• Problem details:
Range to reproduce from the entries below: the line with "Slide: The Image", the line with "Shauntice, a Black", and every line in between. Give them exactly and give nothing else.

(Source material)

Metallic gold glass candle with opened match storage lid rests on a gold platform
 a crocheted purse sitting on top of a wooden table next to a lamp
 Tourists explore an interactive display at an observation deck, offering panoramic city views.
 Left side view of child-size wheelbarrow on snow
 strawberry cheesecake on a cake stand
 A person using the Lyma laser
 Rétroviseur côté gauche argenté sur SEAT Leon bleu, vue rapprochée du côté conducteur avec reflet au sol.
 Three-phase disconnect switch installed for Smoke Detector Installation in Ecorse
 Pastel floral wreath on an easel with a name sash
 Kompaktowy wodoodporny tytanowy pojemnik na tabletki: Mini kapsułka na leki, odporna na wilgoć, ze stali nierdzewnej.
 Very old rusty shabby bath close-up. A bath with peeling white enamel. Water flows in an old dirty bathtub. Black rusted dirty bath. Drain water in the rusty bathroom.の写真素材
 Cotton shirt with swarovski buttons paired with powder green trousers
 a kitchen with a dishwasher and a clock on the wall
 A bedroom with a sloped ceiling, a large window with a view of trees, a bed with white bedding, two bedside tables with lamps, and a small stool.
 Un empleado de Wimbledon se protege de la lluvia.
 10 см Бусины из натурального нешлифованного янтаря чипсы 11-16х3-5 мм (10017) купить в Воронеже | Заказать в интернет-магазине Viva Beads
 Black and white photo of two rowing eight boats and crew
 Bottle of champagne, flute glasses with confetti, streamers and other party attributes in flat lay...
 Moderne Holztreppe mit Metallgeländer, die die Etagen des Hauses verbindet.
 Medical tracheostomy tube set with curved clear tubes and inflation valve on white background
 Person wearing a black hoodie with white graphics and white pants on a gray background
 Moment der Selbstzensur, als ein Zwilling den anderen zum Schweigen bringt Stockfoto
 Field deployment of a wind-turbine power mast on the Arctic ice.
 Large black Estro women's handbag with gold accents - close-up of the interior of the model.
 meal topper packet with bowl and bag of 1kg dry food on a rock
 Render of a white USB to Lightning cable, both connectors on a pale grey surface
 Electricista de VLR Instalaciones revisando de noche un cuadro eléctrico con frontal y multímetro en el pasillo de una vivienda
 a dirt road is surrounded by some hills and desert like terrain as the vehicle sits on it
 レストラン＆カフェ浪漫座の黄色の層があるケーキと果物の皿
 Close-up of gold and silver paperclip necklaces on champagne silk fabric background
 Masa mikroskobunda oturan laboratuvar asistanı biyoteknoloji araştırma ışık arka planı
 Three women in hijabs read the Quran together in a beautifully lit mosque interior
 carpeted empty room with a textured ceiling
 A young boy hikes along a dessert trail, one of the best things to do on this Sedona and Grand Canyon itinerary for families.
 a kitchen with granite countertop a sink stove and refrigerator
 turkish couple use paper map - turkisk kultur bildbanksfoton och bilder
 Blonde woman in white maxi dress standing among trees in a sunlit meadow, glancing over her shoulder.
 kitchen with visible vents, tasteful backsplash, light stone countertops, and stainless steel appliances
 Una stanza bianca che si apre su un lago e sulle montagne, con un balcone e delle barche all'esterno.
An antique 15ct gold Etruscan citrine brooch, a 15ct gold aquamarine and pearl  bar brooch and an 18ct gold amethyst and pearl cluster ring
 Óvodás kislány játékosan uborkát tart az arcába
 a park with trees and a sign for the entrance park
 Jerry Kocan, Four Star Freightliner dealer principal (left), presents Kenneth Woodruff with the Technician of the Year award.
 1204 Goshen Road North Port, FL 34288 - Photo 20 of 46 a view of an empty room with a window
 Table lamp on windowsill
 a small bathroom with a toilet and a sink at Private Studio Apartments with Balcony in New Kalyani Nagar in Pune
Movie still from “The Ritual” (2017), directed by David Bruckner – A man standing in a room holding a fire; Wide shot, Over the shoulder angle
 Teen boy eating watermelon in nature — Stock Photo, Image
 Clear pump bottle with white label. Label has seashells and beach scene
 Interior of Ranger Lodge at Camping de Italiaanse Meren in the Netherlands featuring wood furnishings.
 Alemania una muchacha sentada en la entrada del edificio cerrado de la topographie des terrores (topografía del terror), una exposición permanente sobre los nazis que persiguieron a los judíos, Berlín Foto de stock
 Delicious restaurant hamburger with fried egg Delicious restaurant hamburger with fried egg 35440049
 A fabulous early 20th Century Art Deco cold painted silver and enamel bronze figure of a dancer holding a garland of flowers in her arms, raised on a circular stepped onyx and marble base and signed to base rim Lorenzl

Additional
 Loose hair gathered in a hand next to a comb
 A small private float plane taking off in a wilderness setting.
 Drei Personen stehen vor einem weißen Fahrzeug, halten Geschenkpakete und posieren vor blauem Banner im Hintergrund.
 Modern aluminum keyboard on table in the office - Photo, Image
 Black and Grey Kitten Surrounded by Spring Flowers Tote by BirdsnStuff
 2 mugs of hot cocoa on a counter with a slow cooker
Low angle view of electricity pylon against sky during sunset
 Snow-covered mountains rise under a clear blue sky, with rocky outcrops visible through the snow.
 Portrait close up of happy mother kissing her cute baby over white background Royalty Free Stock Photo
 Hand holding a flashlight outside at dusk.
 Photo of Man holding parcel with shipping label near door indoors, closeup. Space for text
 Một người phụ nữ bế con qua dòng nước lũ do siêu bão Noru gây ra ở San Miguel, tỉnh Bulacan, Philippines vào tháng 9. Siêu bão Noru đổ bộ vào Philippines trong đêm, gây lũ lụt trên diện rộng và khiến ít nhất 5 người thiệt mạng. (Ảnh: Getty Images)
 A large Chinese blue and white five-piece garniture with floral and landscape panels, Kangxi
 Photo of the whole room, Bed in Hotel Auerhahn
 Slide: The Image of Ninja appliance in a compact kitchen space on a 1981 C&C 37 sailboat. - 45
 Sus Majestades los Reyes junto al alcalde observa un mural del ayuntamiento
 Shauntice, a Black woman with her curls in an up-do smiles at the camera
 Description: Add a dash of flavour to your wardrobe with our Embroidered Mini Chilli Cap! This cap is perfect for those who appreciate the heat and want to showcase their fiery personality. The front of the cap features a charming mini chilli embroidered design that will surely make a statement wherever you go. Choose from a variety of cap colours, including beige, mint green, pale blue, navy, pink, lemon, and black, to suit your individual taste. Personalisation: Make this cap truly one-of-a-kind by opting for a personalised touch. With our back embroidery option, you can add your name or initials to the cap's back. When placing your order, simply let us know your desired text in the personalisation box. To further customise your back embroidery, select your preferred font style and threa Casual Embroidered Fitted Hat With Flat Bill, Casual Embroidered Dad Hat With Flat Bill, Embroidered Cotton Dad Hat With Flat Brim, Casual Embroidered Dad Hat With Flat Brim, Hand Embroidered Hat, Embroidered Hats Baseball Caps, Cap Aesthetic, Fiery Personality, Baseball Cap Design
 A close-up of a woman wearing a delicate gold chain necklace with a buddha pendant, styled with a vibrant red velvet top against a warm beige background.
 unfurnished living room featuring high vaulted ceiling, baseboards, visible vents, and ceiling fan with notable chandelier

(End Source material)

• Finished task:
 Slide: The Image of Ninja appliance in a compact kitchen space on a 1981 C&C 37 sailboat. - 45
 Sus Majestades los Reyes junto al alcalde observa un mural del ayuntamiento
 Shauntice, a Black woman with her curls in an up-do smiles at the camera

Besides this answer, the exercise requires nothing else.